Changes in Lung Perfusion in Patients Treated with Percutaneous Mechanical Thrombectomy for Intermediate-Risk Pulmonary Embolism



      Current pulmonary embolism treatment options rely heavily on anatomical clot location. However, anatomical location does not necessarily determine adverse outcomes; rather, clinical severity is secondary to the degree of perfusion impairment. Dual-energy computed tomography pulmonary angiogram (DE-CTPA) can map perfusion at the time of pulmonary embolism diagnosis. Single-photon emission computed tomography ventilation-perfusion scans allow for perfusion tracking similar to DE-CTPA.
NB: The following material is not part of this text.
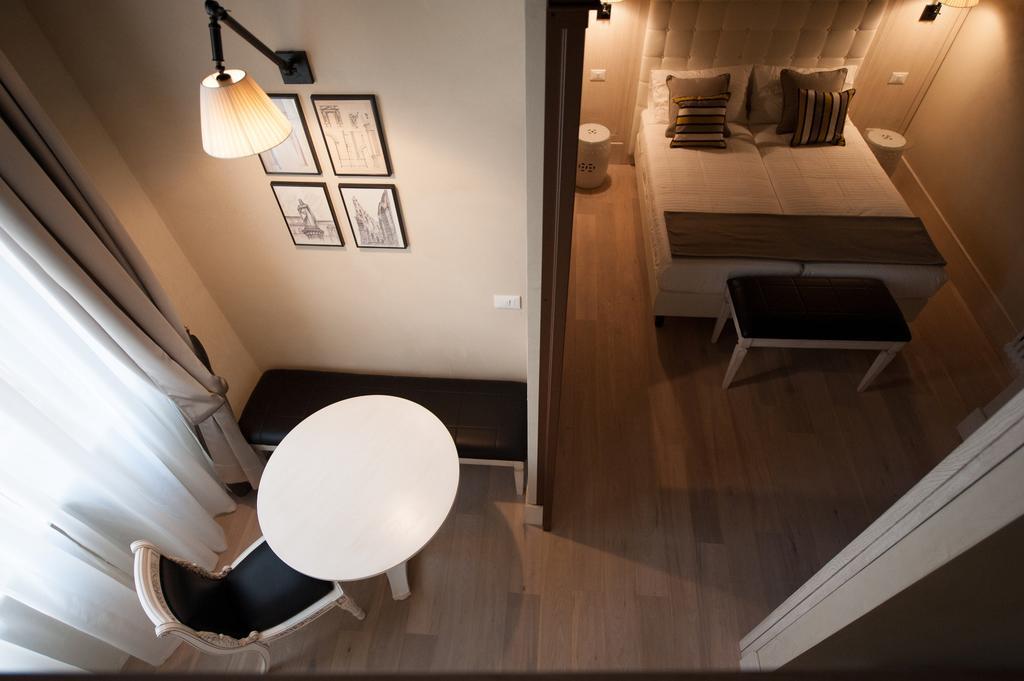 Отель Residenza Bonifacio - Adults Only Верона Экстерьер фото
      We present 3 patients with intermediate-risk pulmonary embolism treated with mechanical thrombectomy using the Inari FlowTriever System (Inari Medical, Irvine, Calif). Lung perfusion scoring was applied to pre-procedure and post-procedure imaging. We graded perfusion of each lobe in 3 planes. If the entire lobe was perfused, a score of 3 was assigned. If lung perfusion is normal, total perfusion score is 15. All patients had pre-procedure and follow-up transthoracic echocardiograms.


      All 3 patients were diagnosed with pulmonary embolism via DE-CTPA that showed right ventricle strain and had deep venous thrombosis. Following mechanical thrombectomy, patients immediately experienced improvement in perfusion score; scores continued to improve at follow-up. All patients also had improvement in right ventricle size or function on follow-up echocardiogram.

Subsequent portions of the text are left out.